Demonstrating that selection instruments have validity for predicting job performance;
Providing empirical information for setting enlistment standards;
Providing performance information for making allocation decisions;
Providing performance-based estimates of force quality requirements.
Each of these represents an important step in strengthening the scientific basis of military manpower and personnel policy. Together, they promise significant improvement.
The first purpose, establishing predictive validity, is the easiest to accomplish. It does not require a competency approach for its success. At present, the predictive validity of the ASVAB for training school success is well documented (U.S. Department of Defense, 1985:iii), but validity for actual performance is only assumed. The Joint-Service Project will examine predictive validity by correlating entrance test scores with job performance scores. There is every reason to expect adequate validity, but the evidence might reveal a different pattern of validities of various ASVAB subtests for actual performance.
Although predictive validity shows the efficacy of selection tests in predicting job performance, it does not speak directly to the question of entrance standards. In order to enable those who set entrance standards to take expected job performance into account in a systematic way, the Joint-Service Project will need to establish the performance effects of changing entrance standards (and therewith the ability mix of job incumbents). It is here that competency scaling becomes significant. If the scaled perfor-
mance scores signify the levels of job proficiency to be expected, then the relation of performance scores to selection test data will give military policy makers far better information than they now have for setting standards for entry into each occupational specialty. Using that information will still involve difficult decisions about acceptable distributions of proficiency, together with other considerations; competency measurement does not solve the problem of standard setting, but it does provide a sound base.
Once a recruit has qualified for enlistment into a Service, the jobs of that Service are in competition with each other for the enlistee. Job allocation systems attempt to decide the relative benefit to the Service of the recruit's various job options. As far as the committee has be able to ascertain, predicted performance is not a significant factor in the current allocation algorithms; the systems are driven more by management objectives, particularly fill rates, than by considerations of job performance.
If performance measurement is to be useful in allocation systems, performance scales will need to be translated to a common metric so that competing jobs can be compared. A competency analysis seems to the committee a particularly fruitful way to approach the problem of comparing jobs, since the competency designations developed for each job's performance measures could be correlated with the predictor tests given at entrance and could guide allocation. For example: if enlisted personnel in Job X who scored in the 50th percentile on the relevant ASVAB technical composite consistently achieve expert status by the end of the first term, one would want the allocation system to avoid waste by not assigning people to Job X if their score on the technical composite is very much above the 50th percentile. Likewise, if similar enlisted personnel assigned to Job Y tend to hover at the apprentice level of mastery at the end of the first term, one would want the system to tend to avoid sending applicants to Job Y whose composite score was much below the 50th percentile, despite fill rate deficits. Since the military allocation systems are all computerized, it is possible to accommodate such complex decision situations.

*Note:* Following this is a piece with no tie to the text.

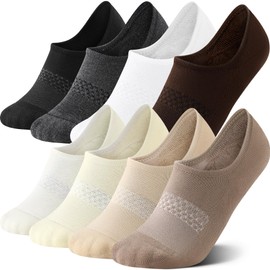 CS CELERSPORT 8 Pairs No Show Socks Womens and Mens Athletic Cushioned Ankle Low Cut Invisible Non Slip Socks Neutral Color + Khaki Beige Brown,Large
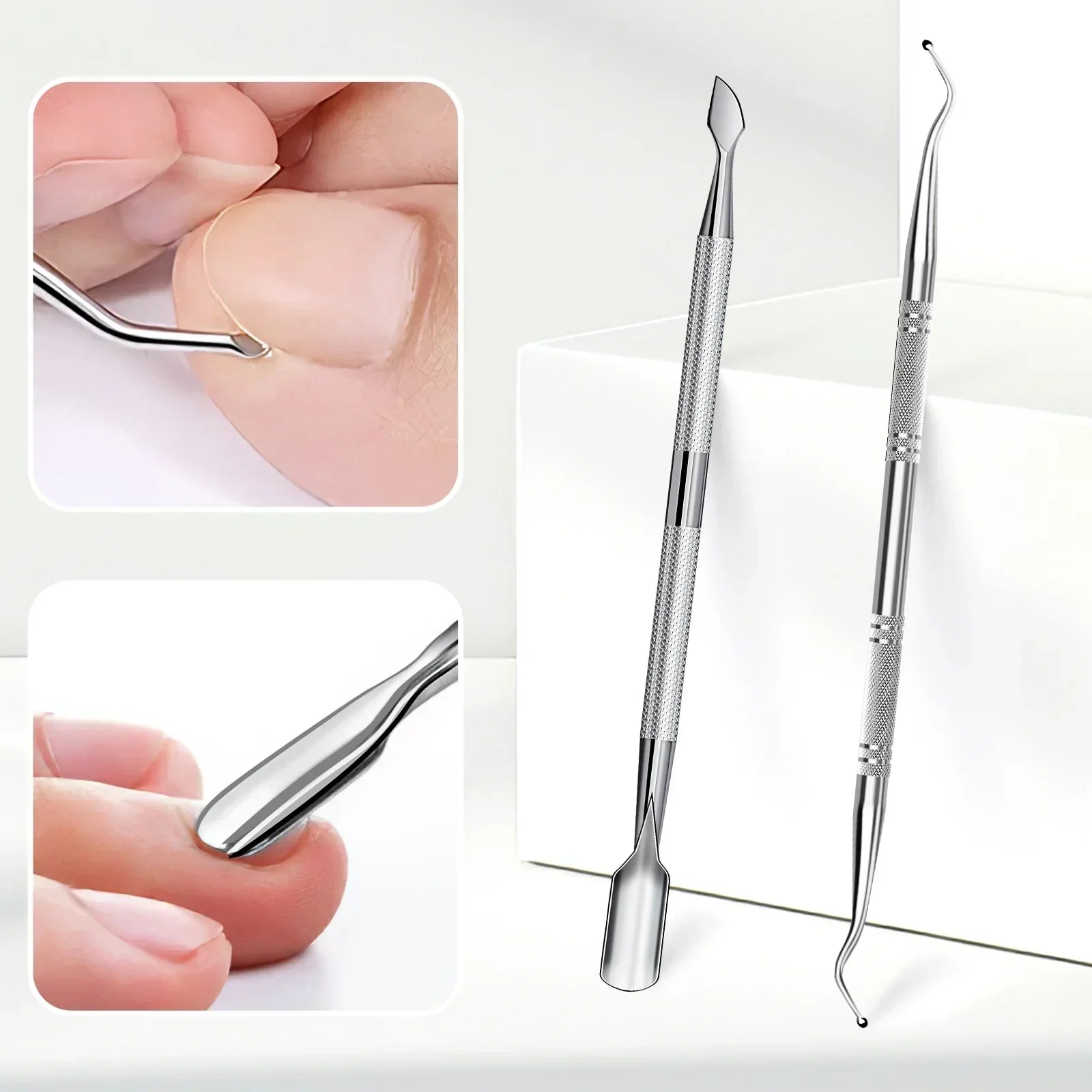 Stainless steel toenail tools for elderly, cuticle pusher and nail cleaner on white background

Rather than making the job performance measurement research directly applicable to military allocation systems, an interesting “end-run ” around the competency issue might be possible if jobs can be put on some other single metric. The allocation system could be set to pick jobs for which the applicant has the highest scores on this common scale. Each Service has been exploring ways to produce a common scale that will allow comparisons across jobs. The Air Force learning difficulty research offers the possibility of comparing occupations on the basis of the time it takes to learn primary tasks, which is taken as a measure of the difficulty of a job.
The Army has studied a utility scale using both officer and noncommissioned officer judgments in an attempt to assess the usefulness to the Army of a person with a certain performance test score. The utility scale is intended to permit comparisons across jobs. The Marine Corps plans to gather judgments of value, on some sort of scale, as a precursor to applying a manpower model, e.g., the RAND model, for setting cutoffs on the aptitude composite score to optimize payoff from the personnel system.
Each of these scales has merit, but none provides a direct index of proficiency. These scales cannot be used to allocate applicants in terms of how well they can be expected to do their military jobs. Learning difficulty addresses a different problem, the design of training courses. Utility and value scales mix the concept of proficiency with value judgments in undetermined ways. Value and utility are certainly of concern, but these concepts should follow upon competency measurement, being judgments of the expected proficiency, rather than being integral to the measurement. Competency is a first step; the utility and value of various levels of proficiency should be determined as a subsequent step. The currently conceived utility scales bypass the concept of performance, and might even be said to disguise competency, which is central to the military mission. The committee feels that competency is an essential component of any method of balancing the needs of the competing occupational specialties.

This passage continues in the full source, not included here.